Qui était Émile Peytavin ?

Emile Peytavin, responsable du secteur de Mende de la Résistance puis chef militaire départemental, passe dans la clandestinité après le 28 février 1944. Nommé à la tête des Corps Francs de la Libération, il organise les maquis de Haute Lozère. Il unifie et dirige les FFI et préside le Comité Départemental de Libération

Emile Peytavin est né le 25 avril 1898 au Bleynard, de parents instituteurs. Ses études à l’école des Arts et Métiers de Cluny sont interrompues par la Première guerre mondiale. Lieutenant, victime des gaz de combat, il est cité et décoré. L’action des gaz provoque une pleurésie qui dégénère en tuberculose. Il revient en Lozère. Nommé en 1922 professeur à l’école pratique de Mende, il devient en 1929 directeur de l’École de Commerce et d’Industrie de Bort-les-Orgues (Corrèze). Socialiste et pacifiste, il milite activement et est candidat à la députation.

Dès juillet 1940 à Mende, il entre en contact avec ceux qui refusent la défaite et le régime de Vichy. En 1942, directeur de collège à Brive, il contacte la Résistance en Corrèze. Se sentant menacé, il rentre en Lozère. Il devient responsable du secteur de Mende de la Résistance. L’Armée Secrète (AS) de Lozère est officiellement créée en décembre 1942 dans sa villa d’En Crouzas. Jean Mazel est son adjoint. Quand Gilvert de Chambrun est promu chef régional, Emile Peytavin dit « Ernest » devient chef militaire en Lozère.

Le 28 février 1944, il échappe de peu à l’arrestation à l’Hôtel Nogaret au Col de Jalcreste, entre Florac et Alès. A Mende, Henri Bourrillon est arrêté. Emile Peytavin passe dans la clandestinité et se réfugie chez Jean Galvier, instituteur à Albaret-Sainte-Marie, qui lui fournit de nouveaux papiers d’identité.
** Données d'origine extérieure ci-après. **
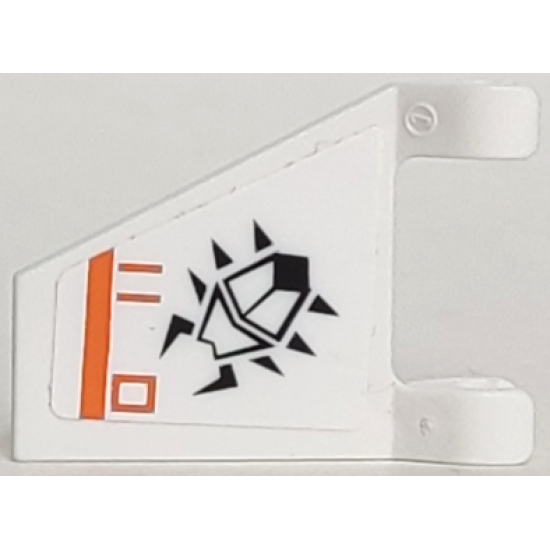 Flag 2 x 2 Trapezoid with Black Scarab and Orange Line and Symbols Pattern, Model Left (Sticker) - Set 7693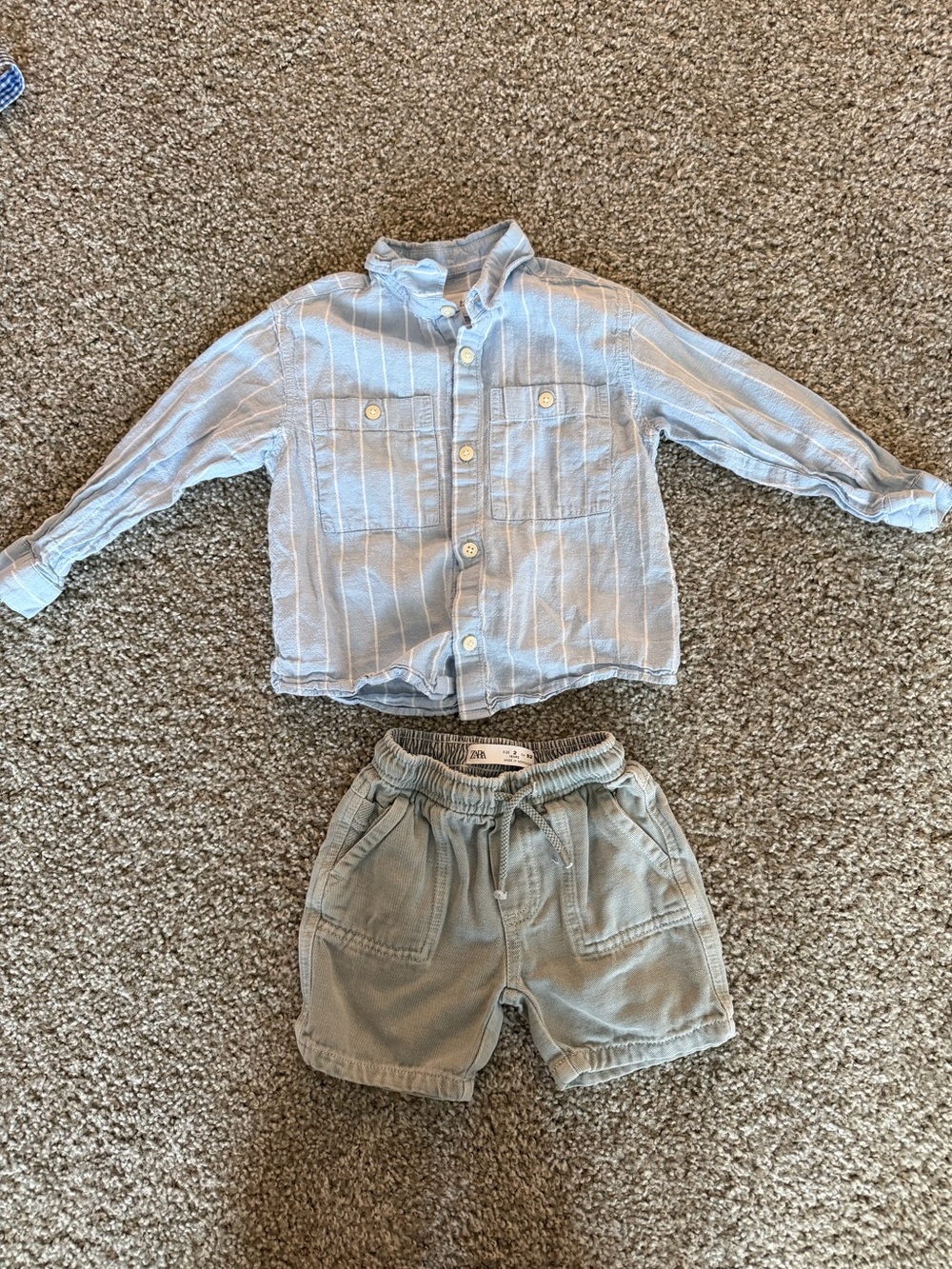 Zara Light Blue Elastic-Waist Kids Shorts + Button Up Stripe Shirt Bundle 2 Year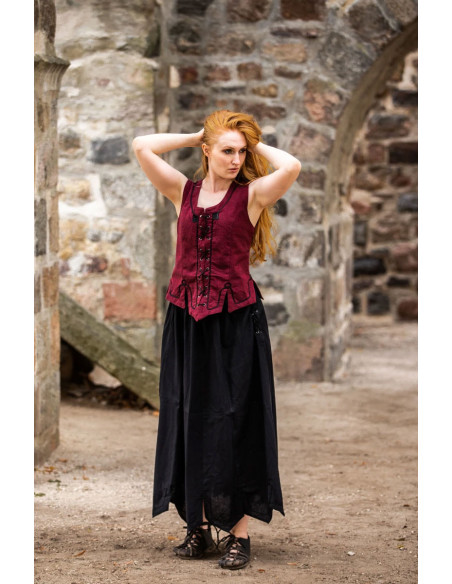 Medieval vest woman model Selma, red Medieval vest woman model Selma, red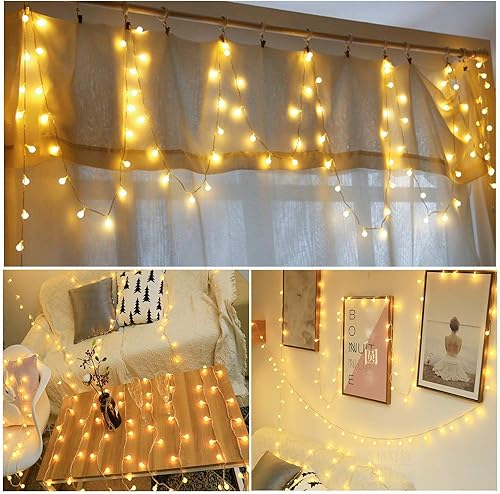 Miniatura 6 de Tira de luces LED enchufables, 16 pies/16.4 ft, 50 bombillas LED de color blanco cálido, guirnalda de luces para vacaciones, Navidad, boda, fiesta,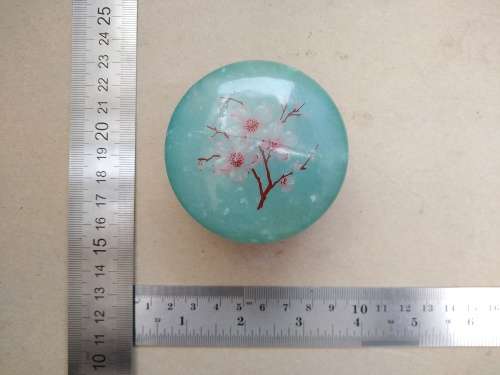 Vintage! Italian - Round Floral Alabaster Marble Trinket Box - Aqua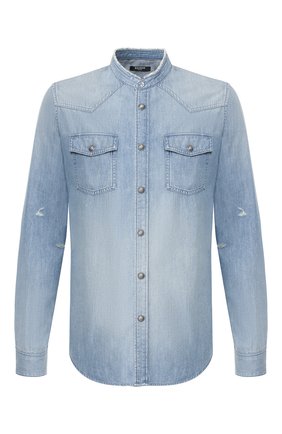 Мужская джинсовая рубашка BALMAIN синего цвета по цене 108000 руб., арт. TH12328/Z090 | Фото 1 Мужская джинсовая рубашка BALMAIN синего цвета, арт. TH12328/Z090 | Фото 1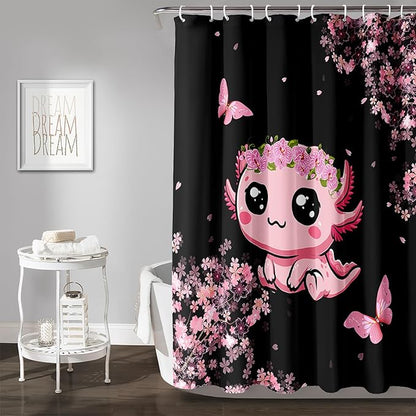 AILONEN Cute Cartoon Axolotl Kawaii Shower Curtain,Pink Cherry Blossom Floral Bath Curtain,Animal Axolotl Butterfly Waterproof Black Curtain for Bathroom, 72" W x 72" H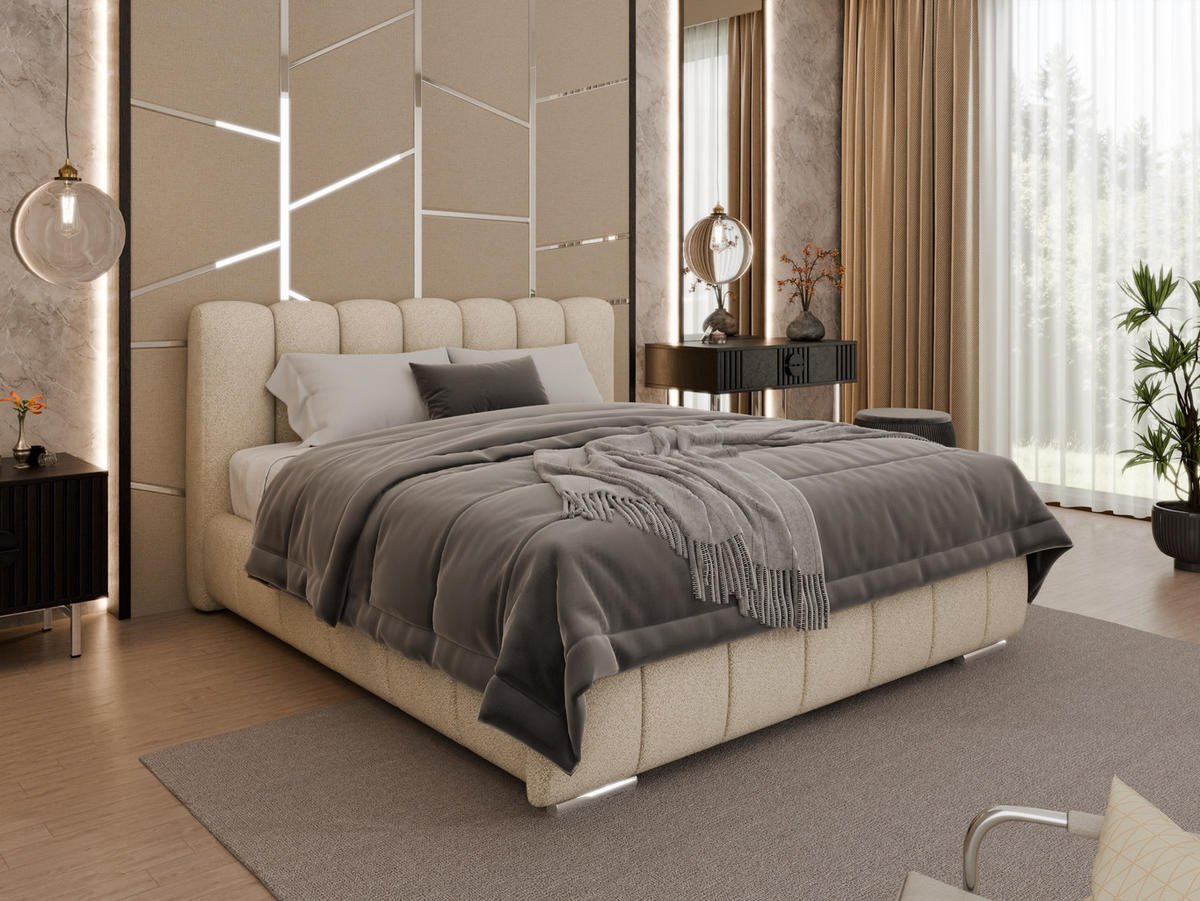 POLSTERBETT Zaira 160x200cm – Elegantes Polsterbett für modernen Wohnstil , Taschenfederkernmatratze Pocket KOKOS (20cm), beige - Beige, Holz - Panda Möbel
En avril 1944, Gilbert de Chambrun le nomme à la tête des Corps Francs de la Libération (CFL). Tous les groupes et maquis, à l’exception des Francs-Tireurs et Partisans Français (FTPF), sont rassemblés dans cette nouvelle organisation. Après les combats du Mont Mouchet et du Réduit de la Truyère, de nombreux officiers et maquisards sont dispersés dans le nord de la Lozère. Avec eux, Emile Peytavin organise le maquis de Haute-Lozère sous le commandement de Maurice David dit « Thomas ». Dans le sud, la tâche est plus difficile: les FTPF sont les plus nombreux et le commandement est commun Gard-Lozère. Un accord est trouvé. Emile Peytavin et Henri Cordesse obtiennent des armes pour les FTPF. Le Conseil National de la Résistance (CNR) ordonne de réunir les FTPF et les CFL dans les Forces Françaises de L’Intérieur (FFI). En Lozère, c’est EmilePeytavin qui commande les FFI.

En août 1944, avec « Thomas », il organise l’encerclement de Mende. Madame Peytavin, agent de liaison, menacée par la police allemande, se réfugie à son tour à Albaret-Sainte-Marie. A la Libération, le lieutenant-colonel Peytavin préside ainsi le Comité Départemental de Libération(CDL).

En octobre 1945, il est nommé inspecteur principal de l’enseignement technique à Paris, ensuite inspecteur à Lille puis à Montpellier. Il prend sa retraite en 1968.

Officier de Légion d’honneur, commandeur de l’ordre des Palmes académiques, il est l’auteur d’ouvrages sur la Résistance en Lozère. Il meurt le 25 décembre 1972 à l’hôpital de Mende et est inhumé à Ispagnac.